Sixty (60) multiple choice items from the grade 8 mathematics statewide assessment were used to investigate differential item functioning (DIF) between participant groups. Four different approaches were explored—hierarchical generalized linear model (HGLM), item response theory (IRT) using the Wald test, logistic regression (LR), and the Mantel-Haenszel (MH) procedure—for modeling the statistics and examining DIF, in order to detect any substantive differences in results and conclusions.

Findings

As a matter of further developing comparisons to examine differential item analyses approaches, the researchers reported performance scores. Students without disabilities (the entire reference group) had a mean score of 45.5 (SD=12.1). Students with disabilities using accommodations (the entire focal group) had a mean score of 28.8 (SD=12.7). Students with disabilities using only extended time had a mean score of 46.7 (SD=12.0). Students with disabilities using extended time and any other accommodation/s had a mean score of 27.8 (SD=13.3). Students with disabilities using 'all items read aloud' had a mean score of 27.2 (SD=11.7). Students with disabilities using only 'some items read aloud' had a mean score of 27.8 (SD=12.4). Students with disabilities using only frequent breaks had a mean score of 25.1 (SD=12.1). In addressing the guiding research questions, the researchers reported a complex set of findings. Regardless of the four differential item functioning (DIF) analysis methods—logistic regression (LR); hierarchical generalized linear model (HGLM), Wald-1 IRT-based test; and Mantel-Haenszel (MH)—applied to the 60 multiple-choice items from a statewide grade 8 math test data set, no DIF was detected when the reference group (non-accommodated students without disabilities) had a similar performance distribution to the focal group (accommodated students with disabilities). Each of the methods detected DIF in 5–11 items (excluding the 12 anchor items) when the reference group was not similar in ability to the focal group.

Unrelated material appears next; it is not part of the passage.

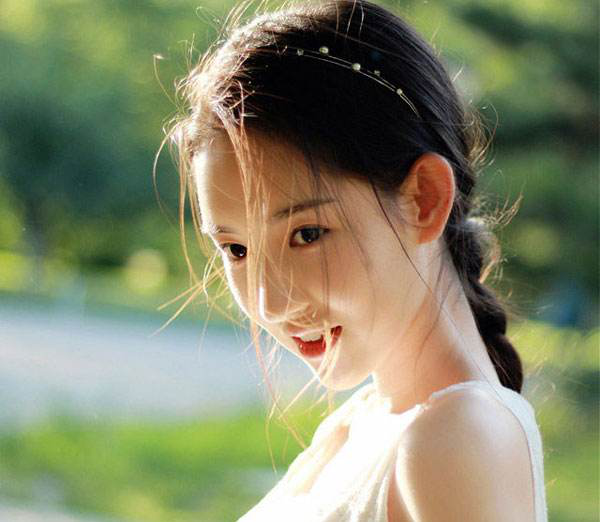 娱乐圈惊现女版罗志祥，23岁四段恋情，还有导演男友为其自杀？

Two methods, LR and MH, had items all favoring the reference group; the other two methods, Wald-1 and HGLM, had items all or nearly all favoring the focal group. [Note: the latter result, of items favoring the focal group, could suggest that accommodations supported a differential boost for students with disabilities when they did not actually do so.] The items flagged for DIF were somewhat different when examining data for the various accommodated groups. The authors concluded that creating the reference group to be similar in performance to the focal group can help avoid erroneous DIF detection for students with disabilities.